Los buenos poetas a menudo se
esconden en su amor a los libros y se retrasan a la hora de dar el salto a los
anaqueles. Es el caso de José María García Nieto quien publicó en 2017 gracias
al Premio literario Gobierno de Cantabria, 2016. Internacional de Poesía
Gerardo Diego, su primer libro de poesía tras 25 años de escribir. Se trata de
un libro bien depurado, con poemas contenidos y profundos, demostrando buen
hacer y buen ojo a la hora de plantear temas y ritmos.
Su
primera parte, Lágrimas de agua de mar,
ahonda en la sensación del poeta de tomar la escritura a la vez como una tabla
de náufrago y como una forma de conocimiento, una manera de situarse en el
mundo: “Balbuceamos poemas, razonamos / pobremente, pero en esta noche / puede
que hallemos consuelo, / bajo estas líneas, sin saber de Dios; / bajo estas
líneas esté el sendero / dibujado del camino que acoge / nuestros pies y la
dota de perfume / y calma, así como los poemas / hacen que esta nueva
respiración / tenga un sentido y un ideal” (Apetito).
Consciente de esta metapoesía como una especie de dulce maldición: “Dejo de
escribir y no es una táctica / es como si las palabras hubieran / volado,
echado raíces /en otro sitio” (Esperando
el invierno).
A veces el
ritmo de un poema ajeno tiene la misma respiración que uno mismo, y las
imágenes acaban pareciendo de nuestros sueños –o de nuestras pesadillas
particulares–. Los temas, además de la poesía, abarcan la experiencia humana,
la sensación sublime y terrible del paso del tiempo, la casi necesidad de
abandonarse: ‘…¿No sería / mejor cesar, declinar el envite / y renunciar a
luchar contra aquello / que no podremos controlar jamás?” (Obstinación). Una sensación asfixiante de atropello, de falta de
espacio, de necesidad de huida: “… de esta amarga / entrega de la vida a cambio de unos / escasos versos, y no
siempre buenos” (No siempre buenos).
El recurso al encabalgamiento continuo insiste en la sensación de angustia y
necesidad de espacio.
José María
García Nieto sabe que la poesía, además, es comunicación, es el nexo íntimo de
conexión con alguien a quien nunca conoceremos por mucho que pudiéramos tenerlo
delante: “… que adoro leer cuando hay alguien / al otro lado y que, en el
fondo, la parte / bestial gana a la zona racional” (Zona racional).

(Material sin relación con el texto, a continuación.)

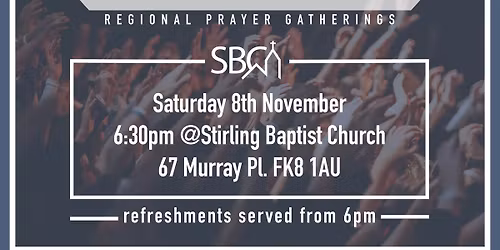 INCREASE - Prayer and Worship Evening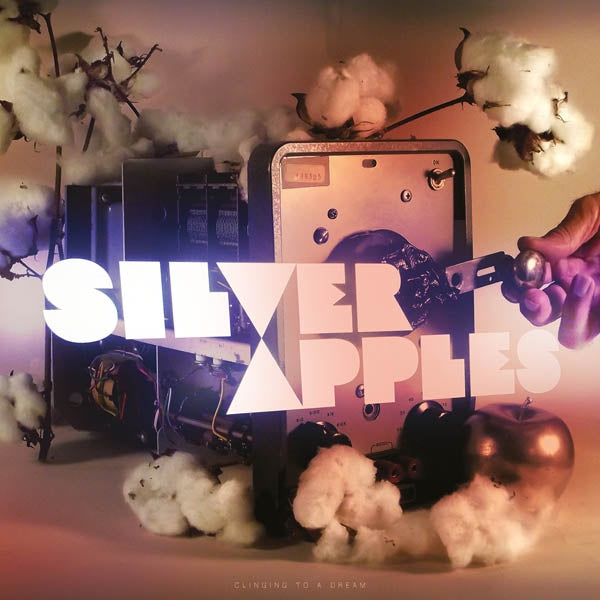  |  Vinyl LP | Silver Apples - Clinging To a Dream (2 LPs) | Records on Vinyl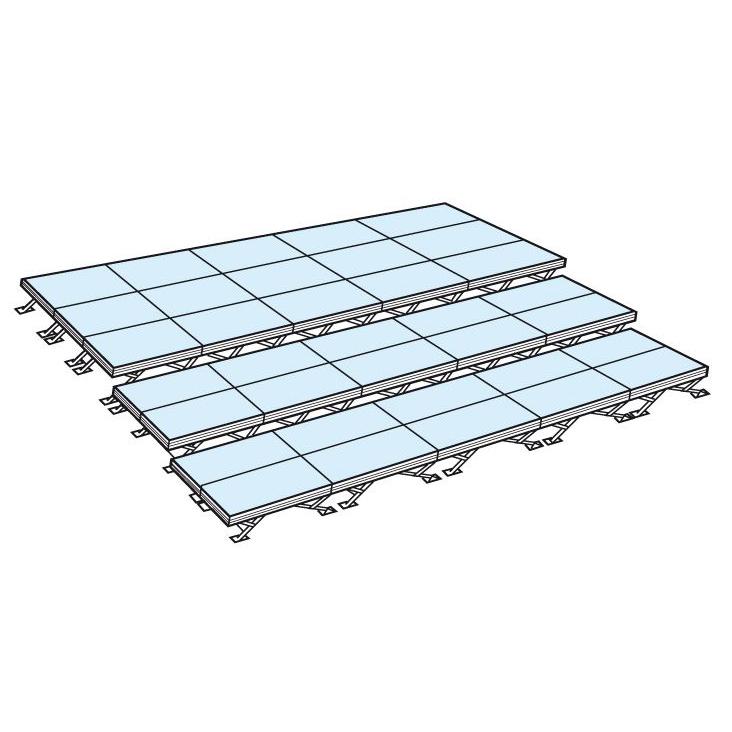 Load image into Gallery viewer, Mott Unistage Profi 140-Mott Mobile Systeme GmbH & Co. KG-Concert Gear
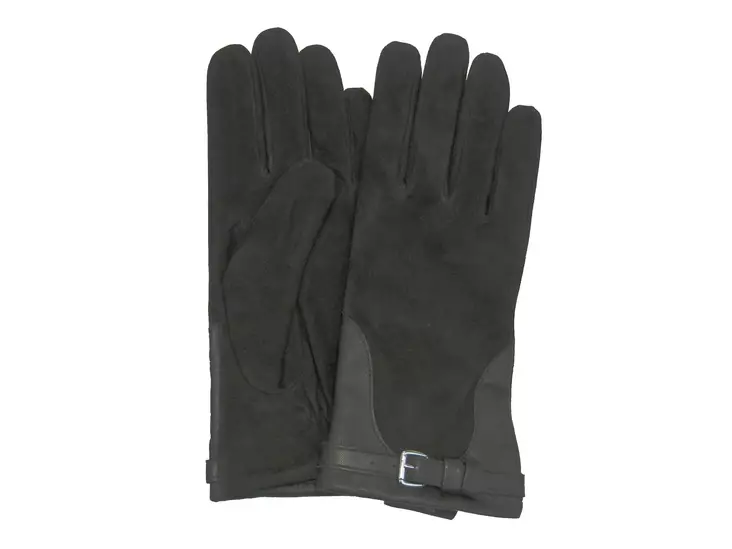 MOKKASORMIKAS MUSTA 7,5 - Naisten käsineet - 6417124050929 - 1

Una reflexión continua sobre la labor de vivir como
metáfora de la escritura, del juego, del riesgo y de una impostura vital, un
autoengaño necesario para continuar en la brecha: “sé que tal vez suena a
falsedad, / pero ¿no somos todos unos maestros / en fingir amar y en simular
vida / mientras se sueña, amarga la vida / hasta que se nos brinden cartas
nuevas?” (Ciudad del sur).
En cierta
forma retoma argumentos y relatos como la poesía de la experiencia, pero sin el
ambiente canalla al que se recurría a menudo como tópico: “Me imagino que serán
los años / pero me ocurre cada vez con más / frecuencia que los mejores poemas,
/…/ … son preguntas al vacío, / ni siquiera enviadas al lector sino /
preguntas, preguntas y más preguntas” (Cosas
de viejos).
En el camino
de la vida, la infancia miró al futuro y la vida decepcionó. La existencia a la
que el poeta se refiere, es un mundo inhóspito, casi hostil, en el que hay que
construir lentamente, casi sin esperanza los espacios de intimidad y de
habitabilidad entre las personas: “sentimientos hostiles en la noche afilada, /
tú sabes que no hay nadie, más sabe que existe algo, / algo ocurrido a un ser
tímidamente humano / que puede conmoverte, o hacerte pensar / que exista
alguien ahí que está leyéndote” (Alguien).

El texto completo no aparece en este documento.